Come to Christ, confess, weep, receive His love, and rest in Him. Perfect love drives out fear. Rebuke the lies, listen to the voice of Truth, and receive the comfort of His spirit. Don’t give your perpetrator, Satan, one more moment of satisfaction. Remember, he who conceals his sin will not prosper, but he who confesses and forsakes his sin will receive mercy. If you were abused, you did not bring any shame on to yourself. However, you are living under it if you identify more as a victim than as a victor in Christ.

Confess any bitterness, release the shame, and quit hiding from God. That itself is a sin. Come into the light. He will replace with righteous robes those flimsy fig leaves that keep you in humiliation and fear. He will redeem your pain—over time you will be healed at a soul level.

You will be a mighty instrument of redemption for others. Others will see and praise God. We need you. Your courage, your story, your vulnerability will surely be used to purify and give hope to many. God will shine once again through you and His glory will be revealed through the cracks left as a reminder that we are but jars of clay.

Join the Conversation

How can the truth of Christ’s victory over sin and over shame impact you personally and in ministry?

Note: For information on the 2013 Faith Biblical Counseling Training Conference, click here.

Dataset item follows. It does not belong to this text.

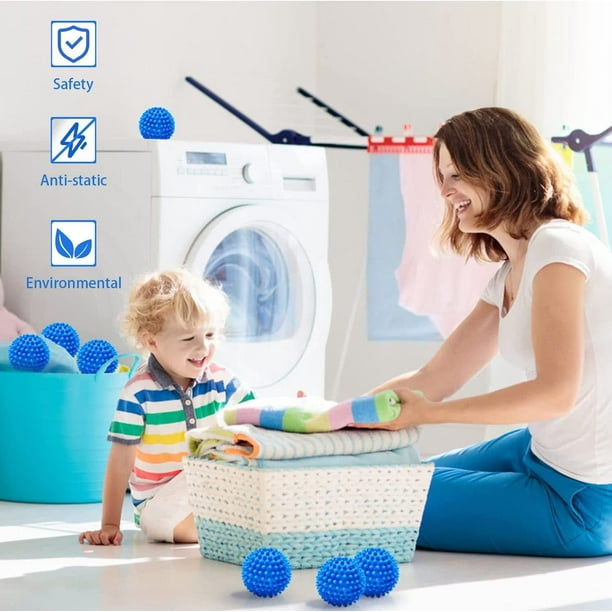 EX Bolas para lavadora, bolas para secadora, reutilizables, para limpieza  de ropa, azul, paquete de 6 Electrónica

2 thoughts on “Slaying the Shame of Sexual Abuse

  1. Garrett, thank you so much for this article, as well as your encouragement to those of our sisters and brothers that have been bound to their shame for so long.  In working with women who have been sexually abused, the shame is the most difficult for them to work thru.  Many believe that they have even deserved their suffering because they were the cause of this horrible sin against them.  This keeps them buried deep in darkness, deception, isolation, fear and unforgiveness.  I have walked beside many women on the road to Calvary and it is a beautiful story of love, redemption, and liberation that begins the healing process.  It is my prayer that these precious men and women of God experience God’s redeeming love and that each one would be an instrument of redemption to those in their sphere of influence who are suffering just as they did.